The Geopolitical Impact
Al-Sharaa’s rivalry with the Muslim Brotherhood reveals the foolishness of Turkey’s political Islamist leadership in trusting, supporting, and empowering him. Al-Sharaa’s current media campaign signals not just a personal feud, but the rise of Saudi Arabia’s Salafist approach over Turkey’s political Islamism in the battle for influence in Syria and across the broader Arab and Muslim worlds. For years, Ankara supported Brotherhood-linked militias in Syria, and when those groups fell apart, it took a gamble on al-Sharaa, thinking he could be shaped into their man. But his loyalties now clearly favor Riyadh, which has always aimed to eliminate the Brotherhood as an ideological rival and a political threat.

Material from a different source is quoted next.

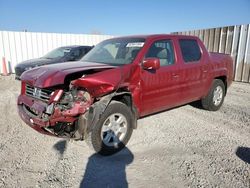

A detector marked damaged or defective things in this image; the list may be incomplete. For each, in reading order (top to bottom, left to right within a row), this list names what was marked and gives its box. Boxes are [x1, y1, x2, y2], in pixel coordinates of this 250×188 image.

crumpled hood [21, 61, 115, 88]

But the irony is that al-Sharaa’s rejection of the Brotherhood does not mean he is embracing secular governance or liberal democracy. On the contrary, he is advancing a new strain of authoritarian Islamism. HTS, which controlled Idlib in Syria for a few years, was never Brotherhood, nor was it ISIS. It was neo-jihadist. Since taking power, he has granted Syrian citizenship to foreign jihadists before incorporating them into his army and police. These forces have already carried out brutal campaigns against Syrian Alawites, Druze, and Christians. Far from signaling inclusivity, his rhetoric of independence from the Brotherhood disguises the ongoing sectarian violence.
A Lesson to Remember
The lesson to remember here is that every time political Islamism seems to collapse, it returns in a more adaptive form. The Brotherhood’s fall in Egypt looked decisive, yet Hamas carried the Islamist project forward in Gaza. The defeat of ISIS was hailed as the end of jihadism, only for HTS to rise from Idlib to the presidential palace in Damascus. Today, al-Sharaa is forging something even more dangerous: a neo-Jihadism that melds the Brotherhood’s political maneuvering, the violence of al-Qaeda and ISIS, and the authoritarian pragmatism of Ba’athist socialism into a single model. This is not the end of political Islamism, but its most toxic and resilient mutation. Al-Sharaa’s rejection of the Brotherhood is not a death notice for political Islamism; it is a birth announcement for the most dangerous reinvention of jihadism.